June 13, 2013|By Doyle McManus
  • U.S. officials said Thursday that the Obama administration has concluded that Syrian President Bashar Assad's regime has used chemical weapons against the opposition seeking to overthrow him, crossing what President Obama called a 'red line.'
U.S. officials said Thursday that the Obama administration has concluded… (Pablo Martinez Monsivais…)

Rarely has a military escalation been so exquisitely gradual.

President Obama has been calling for Syria’s President Bashar Assad to surrender power for almost two years. Last year, he proclaimed a “red line,” a prohibition against the use of chemical weapons, and then watched as Assad crossed it. This spring, his administration watched as thousands of Iranian and Lebanese Hezbollah troops came to Assad’s aid and overran key rebel positions.

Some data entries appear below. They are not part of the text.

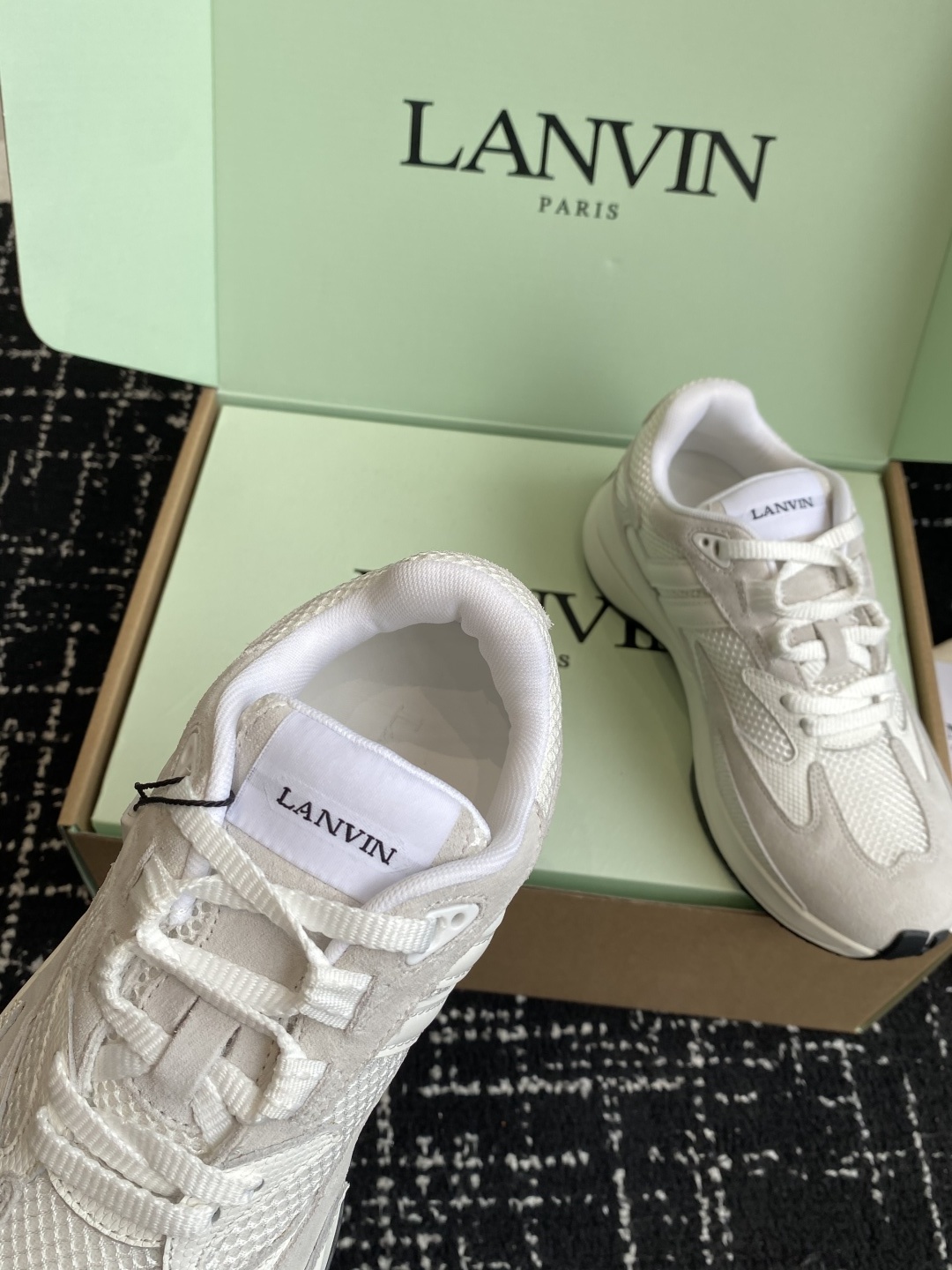 代购级
Lanvin浪凡 最新Jla系列 情侣款 网面 厚底 休闲 运动鞋 跑鞋
原版购入开发 做货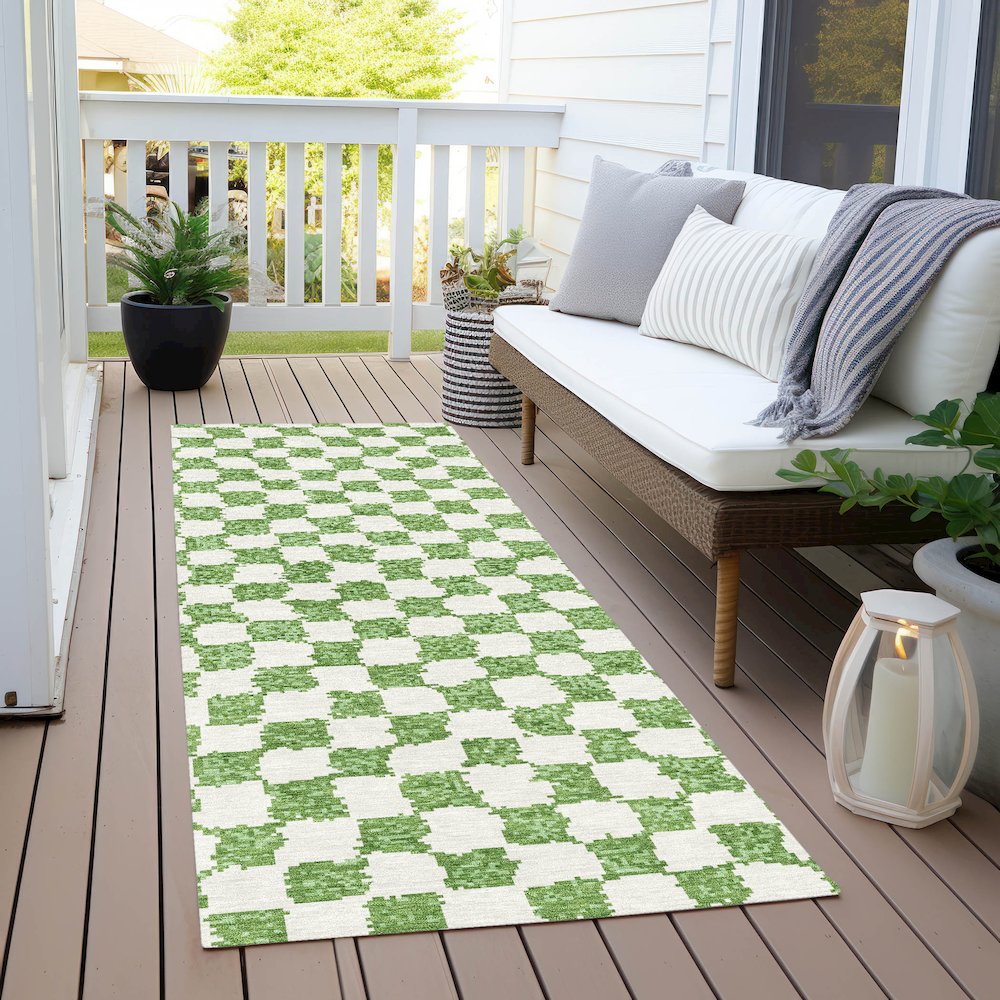 Machine Washable Indoor/Outdoor Chantille Green 2'3" x 7'6" Runner Rug. Picture 6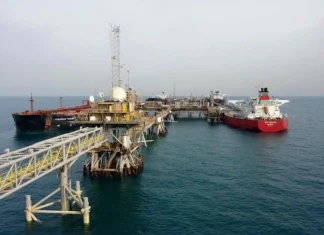 Iraqi oil continues to flow through the Strait of Hormuz to global markets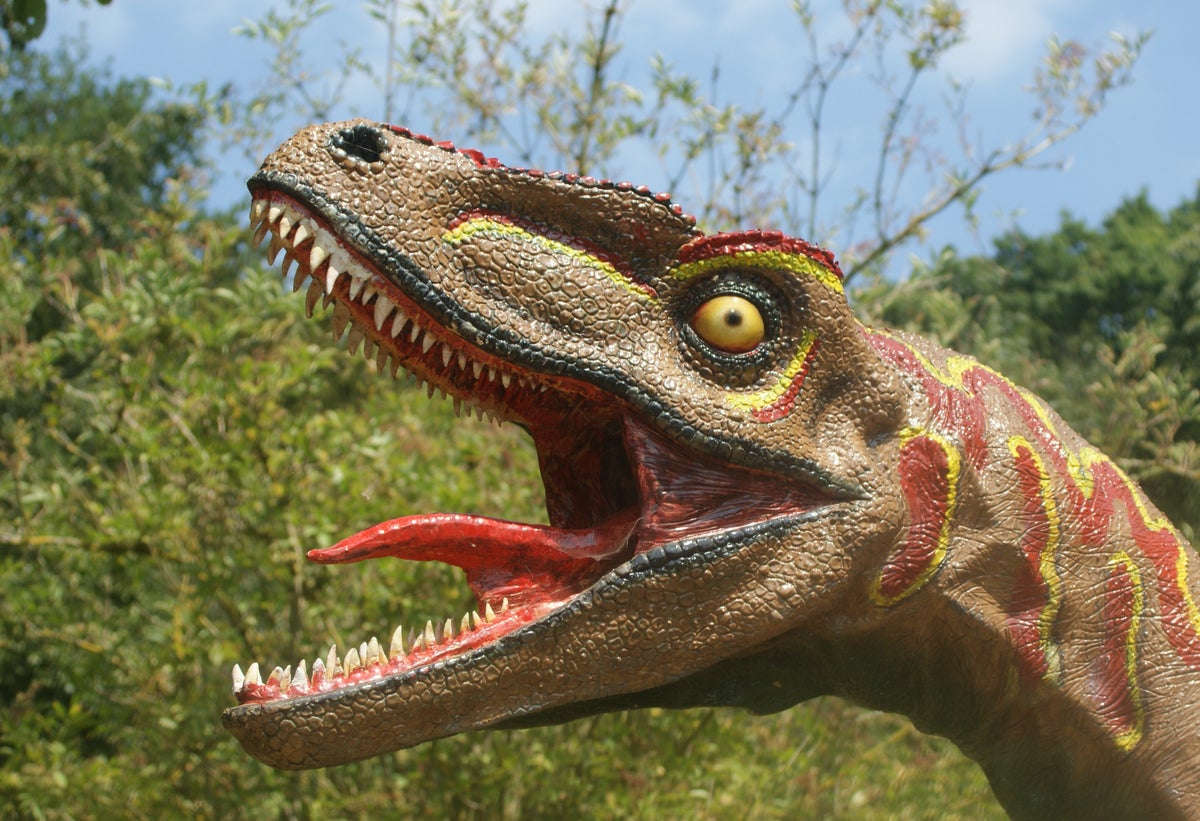 T. rex may have had lips like a modern lizard's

Inside the Obama administration, some -- including both Secretary of State John F. Kerry and his predecessor, Hillary Clinton -- advocated military aid to the opposition. In Congress, others, including Sen. John McCain (R-Ariz.), advocated more direct military action, including the imposition of a no-fly zone against Syria’s air force.

But on Thursday, when the White House announced that it had finally concluded that Syria had indeed crossed its red line and used sarin gas, the measures it announced in response were finely calibrated.

“The president has made a decision about providing increased support to the opposition … and that includes military support,” national security aide Ben Rhodes told reporters. But he refused to utter the word “weapons” or to provide any details of what the new aid will include, except to say that it will be “substantively different” and “responsive to the needs of the Syrian opposition.”

Rhodes added that Obama has definitively decided not to initiate any direct U.S. military action against Syria, including the imposition of a no-fly zone.

Why the reticence to announce more forceful steps?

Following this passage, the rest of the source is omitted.